‘Godfather of Ecstasy’ Alexander Shulgin dies in U.S.

Famous biochemist of Russian extraction Alexander Shulgin died in the U.S. on the evening of June 2. He was 88.

Alexander Shulgin. Source: Reuters

Famous biochemist of Russian extraction Alexander Shulgin died in the U.S. on the evening of June 2. He was 88.

Shulgin’s wife Ann announced his death on Facebook, posting that Shulgin was “surrounded by family and caretakers and Buddhist meditation music, and his going was graceful, with almost no struggle at all.”

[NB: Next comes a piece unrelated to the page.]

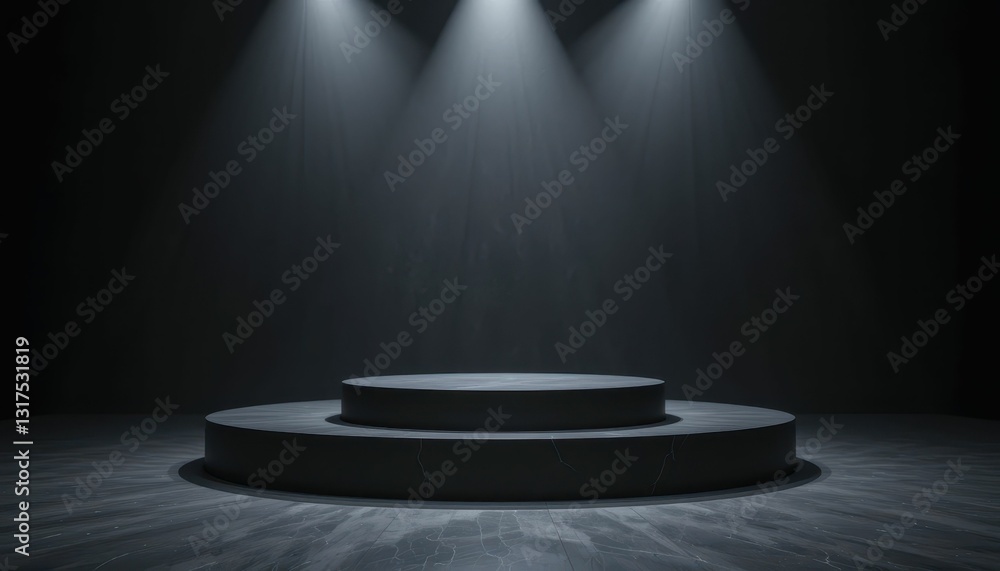 Poster illuminated empty stage with multi-level circular platform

Shulgin was famous for developing and synthesizing psychedelic drugs. He began his pharmacological research with already developed hallucinogenic drugs (psilocilin, LSD, mescaline) but later shifted his focus to drugs of his own creation.

Shulgin and his friends personally tested the new substances, assigning each one a rating on a special scale known as the Shulgin Rating Scale and describing the visual, auditory, and other effects from ingestion.

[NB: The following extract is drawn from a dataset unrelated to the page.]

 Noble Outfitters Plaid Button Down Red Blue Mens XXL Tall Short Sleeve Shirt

Shulgin synthesized and researched many tryptamines and phenethylamines, including dimethyltryptamine (DMT) and 2C-B (Rusko). He is credited with introducing MDMA – a substance that later gained notoriety as Ecstasy - for psychopharmaceutical use.

Together with his wife, Shulgin described his life, experiences, and scientific discoveries in the popular books Phenethylamines and Tryptamines and I Have Known and Loved.